Une unification du nord et du sud à marche forcée. La République du Yémen est déclarée le 22 mai 1990 mais, face aux factions rivales au nord et au sud, entretenant les mouvements de révolte et de sécession. Dans les faits, elle sera imposée en 1994, suite à une ultime tentative sécession du sud, défaite par l’armée du nord, alliée à des milices islamistes et tribales, hostiles aux socialistes. Les leaders sudistes furent exilés, Aden mise à sac… mais la République du Yémen advint : Saleh en sera le président (jusqu’en 2012), Sanaa (au nord), la capitale et le président du Sud, 1er  ministre.

Le feu ne s’est jamais éteint. Dans cette période, toutefois, les conflits restaient ancrés dans des logiques tribales locales et ne se revendiquaient pas de conflits confessionnels, ce qui va changer, notamment à partir de 2001 et de la folle chasse, sans fin, menée aux djihadistes par les USA soutenus par leurs alliés locaux, celle-ci entretenant le développement de l’autre, celui des mouvements djihadistes au Moyen-Orient. En 2009, l’armée saoudienne intervient au nord-Yémen, opération « Terre brûlée » contre l’insurrection des Houthis, Riyad voulant protéger sa frontière qui serait menacée par les chiites pro-iraniens ; le conflit s’insère, dès lors, dans un affrontement entre les deux puissances régionales, Arabie Saoudite et Iran.

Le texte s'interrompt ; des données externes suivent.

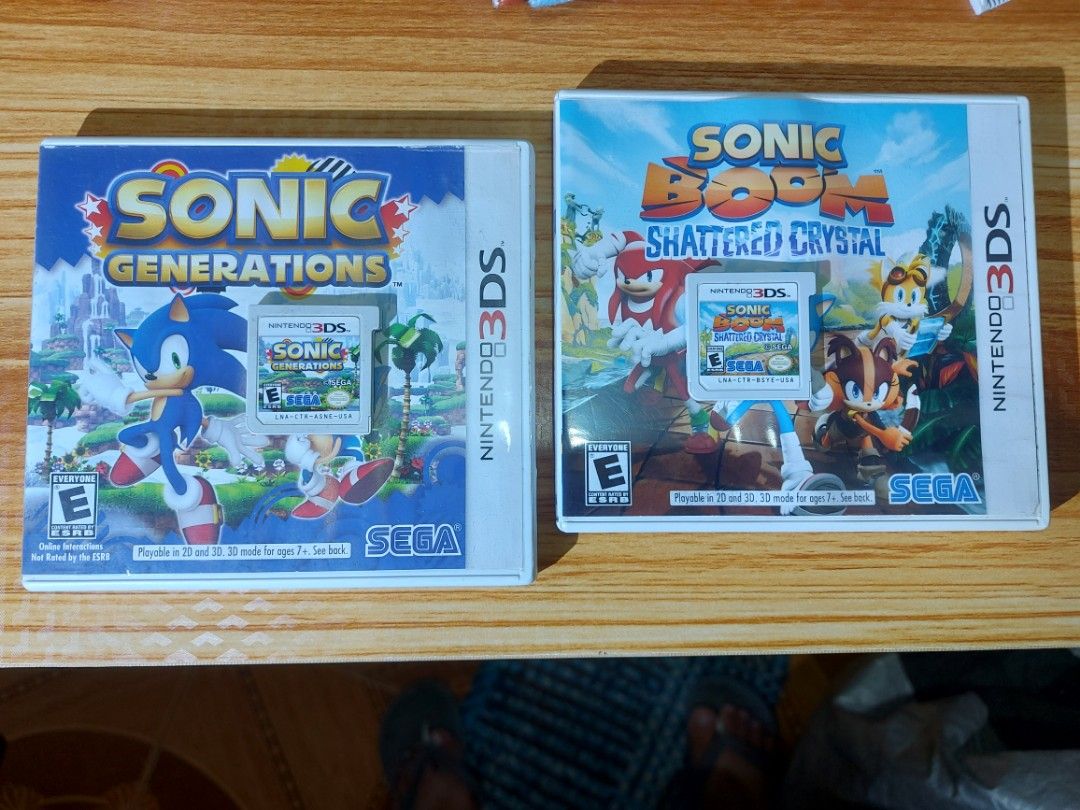 Nintendo 3ds Sonic Game Bundle Generation,Sonic Boom (Category: Nintendo) located in Quezon City. Submitted by appleusermarioz (Listing ID 1470398760, Image 1). Description: both Good working condition both USA ver, English bundle Sonic Generations - 900 with manual Sonic BOOM shatered crystal - 700 replaced Cover art same With manual all Good working ready to play to 3ds / 2ds bundle 1,600 meet Up Quezon city area bring your own 3ds test up to s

Réapparaissent alors les conflits non éteints, la République du Yémen, n’ayant pris aucune mesure pour lutter contre les inégalités sociales et économiques entre le nord et le sud, dans un contexte, après l’unification, de déstabilisation de la société yéménite, d’affaiblissement de ses structures traditionnelles et du rôle fédérateur des tribus. En 2004, des chiites zaydites (nord) entrent en conflit avec Saleh, le président étant perçu comme inféodé aux USA, dans la guerre contre le terrorisme : la guerre de Saada durera jusqu’en 2010. S’engouffrent, dans cet imbroglio de forces en présence, les mouvements djihadistes : naissance de l’AQPA – Al Qaida dans la Péninsule Arabique- fusion d’Al Qaida saoudienne et yéménite. La guerre a aussi ouvert la porte à l’OEI –Organisation de l’Etat Islamique- qui revendiquera des attentats et assassinats contre les forces de sécurité du président Hadi en 2015.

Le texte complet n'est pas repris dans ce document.